Exercise
The listing is to be reproduced exactly, excluding its pictures.

BEGIN Source data

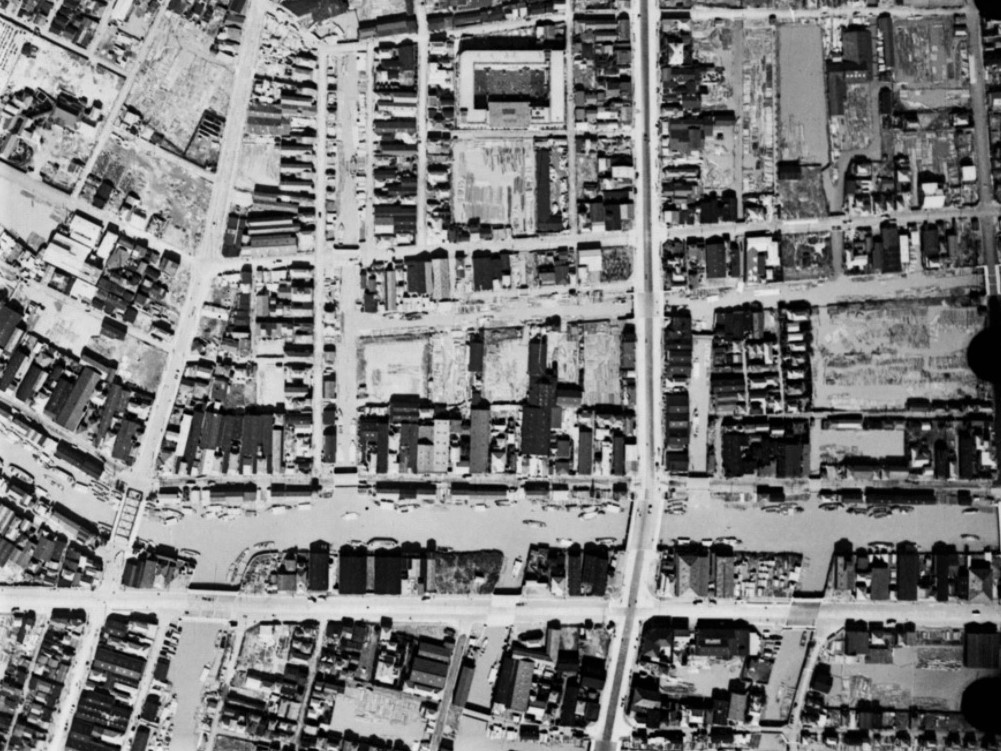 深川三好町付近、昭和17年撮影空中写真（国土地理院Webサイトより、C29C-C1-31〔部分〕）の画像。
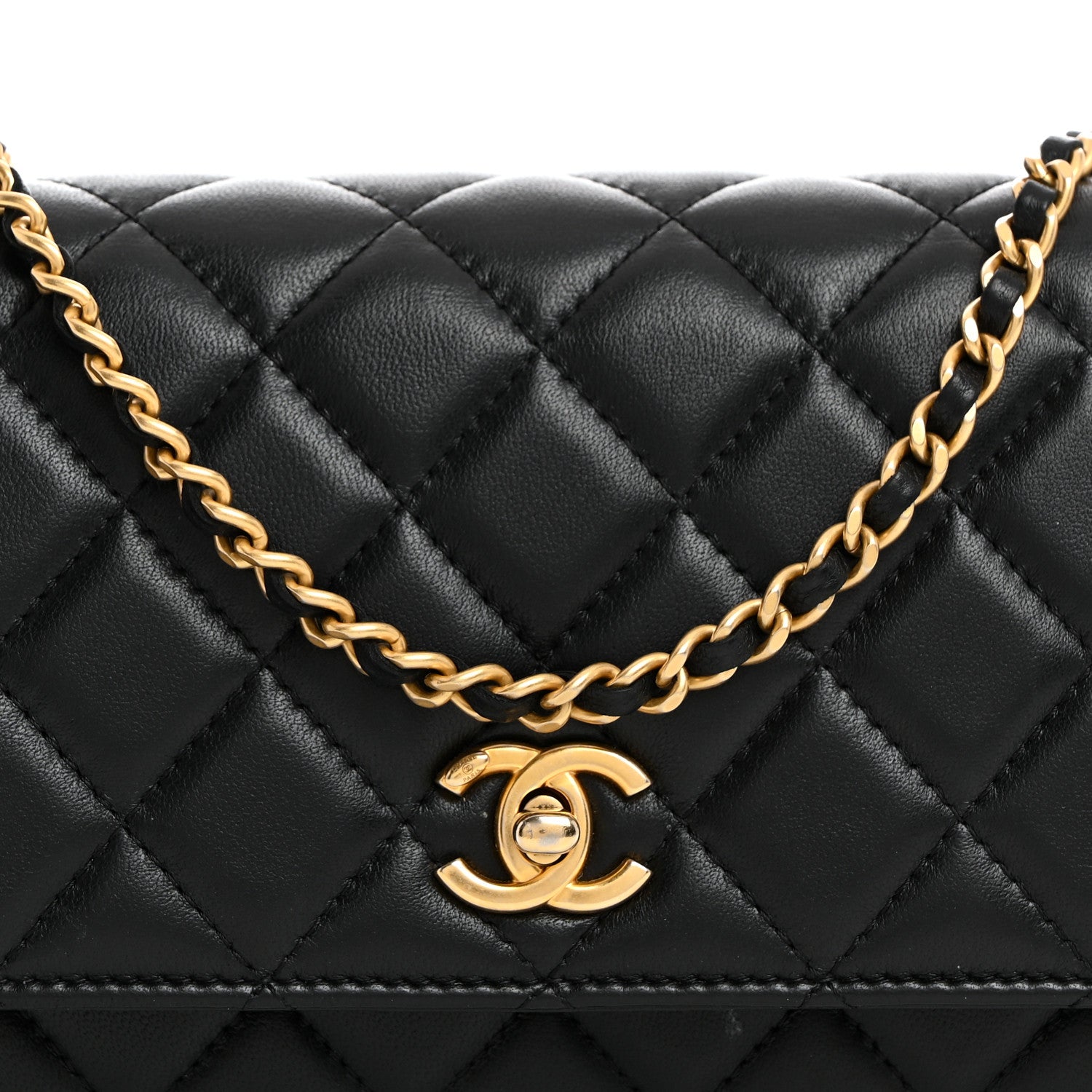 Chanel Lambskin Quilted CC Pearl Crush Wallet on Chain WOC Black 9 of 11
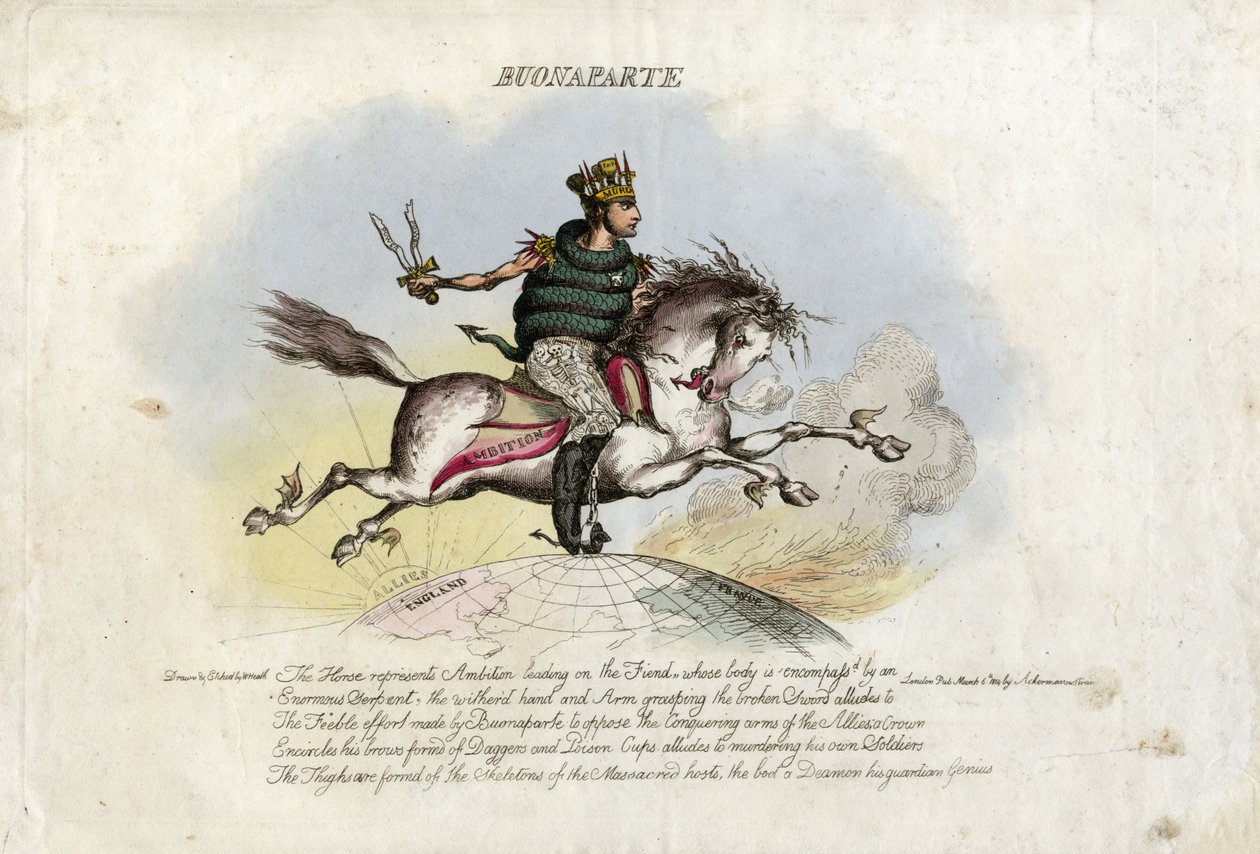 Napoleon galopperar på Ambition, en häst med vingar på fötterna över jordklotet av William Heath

END Source data

Result for this exercise
 深川三好町付近、昭和17年撮影空中写真（国土地理院Webサイトより、C29C-C1-31〔部分〕）の画像。
 Chanel Lambskin Quilted CC Pearl Crush Wallet on Chain WOC Black 9 of 11
 Napoleon galopperar på Ambition, en häst med vingar på fötterna över jordklotet av William Heath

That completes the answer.